Read and Write from Local FileSystem, S3 or Web

  • tsv.read(paths): Reads the data present in the list of file paths and urls.
  • tsv.write(tsv_obj, path): Writes the tsv object to the specified path.
  • tsv.merge(tsv_objs): Merges the list of tsv objects into one.
  • tsv.exists(path): Check whether the specified path exists or not. Useful for implementing fast forwarding.
  • tsv.from_df(df): Converts a pandas dataframe to TSV.
  • tsv.from_maps(mps): Converts the given array of maps to TSV

Supported File Formats: tsv, simple csv and gzip/zip compressed versions.

Examples

>>> x = tsv.read("data/iris.tsv")
>>> x = tsv.read("s3://bucket-name/path/iris.tsv")
>>> x = tsv.read(["data/file1.tsv.gz", "data/file2.tsv.gz"]
>>> x = tsv.read("https://github.com/CrowdStrike/tsv-data-analytics/raw/main/data/iris.tsv")

Saving TSV object to file

>>> tsv.write(x, "data/output_file.tsv.gz")

Merging mutliple TSV objects

>>> ytsv = tsv.merge([x1, x2])

Checking for existence of file path

>>> flag = tsv.exists("data/iris.tsv")
>>> flag = tsv.exists("s3://bucket-name/path/iris.tsv")

Converting pandas dataframe to TSV

>>> import pandas as pd
>>> df = pandas.read_csv("data/iris.csv")
>>> x = tsv.from_df(df)
>>> x.show(3)

sepal_length	sepal_width	petal_length	petal_width	class      
5.1         	        3.5	         1.4	        0.2	Iris-setosa
4.9         	        3.0	         1.4	        0.2	Iris-setosa
4.7         	        3.2	         1.3	        0.2	Iris-setosa

B. Data Transformation and Analysis

These APIs are part of TSV class. Once the data is loaded as TSV, all these methods can be used.

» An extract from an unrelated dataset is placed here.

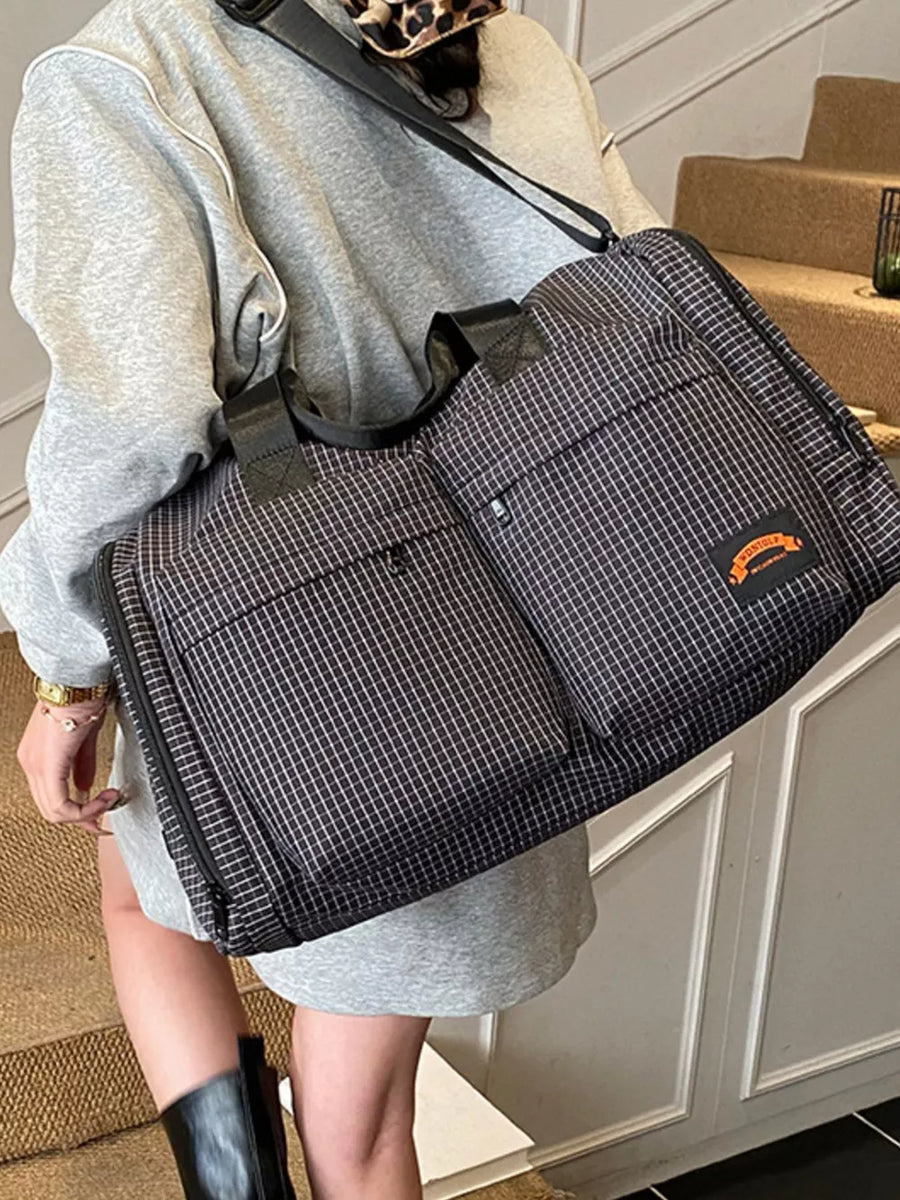 Chic medium plaid duffel bag with multiple pockets and orange logo detail.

Note: The optional arguments are shown in italics.

1. Basic Summary

  • num_cols(): Returns the number of columns in the tsv object.
  • num_rows(): Returns the number of rows in the tsv object.
  • columns(): Returns the list of columns in the tsv object.
  • size_in_bytes(): Returns the size of the tsv object in bytes.

2. Pretty Print

  • show(n, max_col_width, title): Pretty prints the first 'n' rows, each upto max_col_width wide and title which is displayed at the top.
  • show_transpose(n, title): Transposes the tsv object and does pretty print.

Examples

>>> x.show(3)
>>>
sepal_length	sepal_width	petal_length	petal_width	class      
5.1         	        3.5	         1.4	        0.2	Iris-setosa
4.9         	        3.0	         1.4	        0.2	Iris-setosa
4.7         	        3.2	         1.3	        0.2	Iris-setosa
>>> x.show_transpose(3)
>>>
col_name    	row:1      	row:2      	row:3      
sepal_length	5.1        	4.9        	4.7        
sepal_width 	3.5        	3.0        	3.2        
petal_length	1.4        	1.4        	1.3        
petal_width 	0.2        	0.2        	0.2        
class       	Iris-setosa	Iris-setosa	Iris-setosa

3. Select Columns

  • select(cols): Selects the given columns which can be a single column, pattern or an array of columns.

Examples

>>> x.select(["class", "petal.*"]).show(3)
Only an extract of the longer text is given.